Thanks to QvikChat, you can easily enable API-key based authentication with usage limits and response caching (with some limitations), by simply configuring your endpoint according to your needs. For more information, check the [QvikChat documentation](https://qvikchat.pkural.ca).
## QvikChat
**QvikChat** is an open-source framework that provides you with a solid foundation to build powerful AI-powered chat service endpoints quickly and efficiently. It includes support for **multiple types of conversations (open-ended, close-ended)**, **chat history**, **response caching**, **authentication**, **information retrieval using Retrieval Augmented Generation (RAG)**, and more.
[Get Started](https://qvikchat.pkural.ca/getting-started) | [Documentation](https://qvikchat.pkural.ca)
## QvikChat Starter Template
This project was scaffolded using the [QvikChat starter template](https://github.com/oconva/qvikchat-starter-template).

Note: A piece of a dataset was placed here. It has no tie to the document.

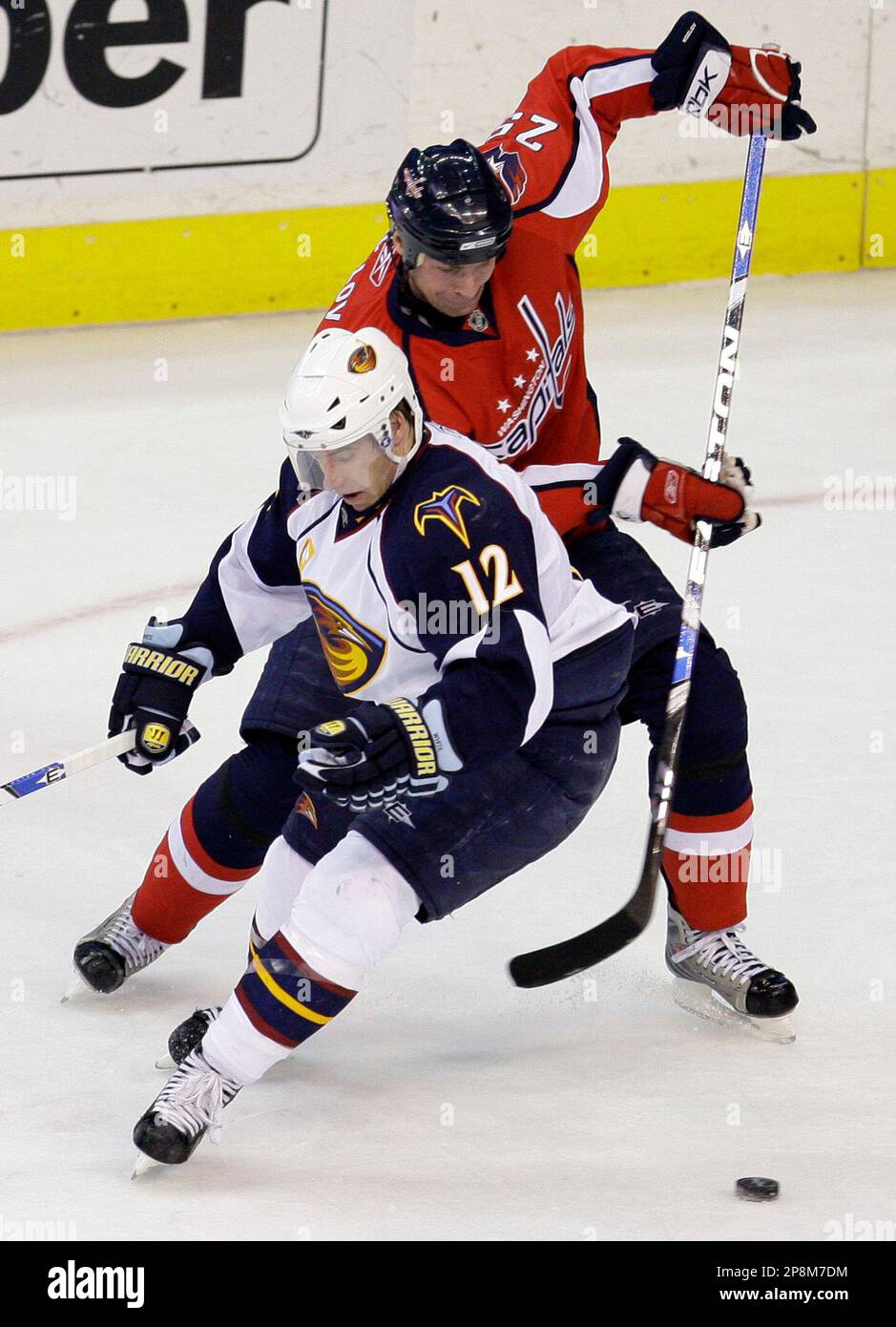 Atlanta Thrashers' Todd White, left, goes for the puck against Washington Capitals' Viktor Kozlov, from Russia, in the second period of an NHL hockey game in Washington Sunday, April 5, 2009.(AP Photo/Alex Brandon) Banque D'Images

It comes pre-configured with the following features:
- **QvikChat**: QvikChat installed and configured to start serving chat endpoints.
- **TypeScript**: TypeScript to allow you to write type-safe code efficiently.
- **ESLint**: ESLint to enforce code quality and consistency.
- **Prettier**: Prettier to format your code automatically and ensure consistent code style.
- **GitHub Actions**: GitHub Actions to run your tests and lint your code automatically on every push.
- **SWC**: For faster and more efficient TypeScript compilation.
- **PNPM**: PNPM to manage your dependencies efficiently.
## Issues
If you encounter any issues or bugs while using this project, please report them by following these steps:
1. Check if the issue has already been reported by searching through [current issues](https://github.com/pranav-kural/img-gen/issues).
2. If the issue hasn't been reported, create a new issue and provide a detailed description of the problem.
3. Include steps to reproduce the issue and any relevant error messages or screenshots.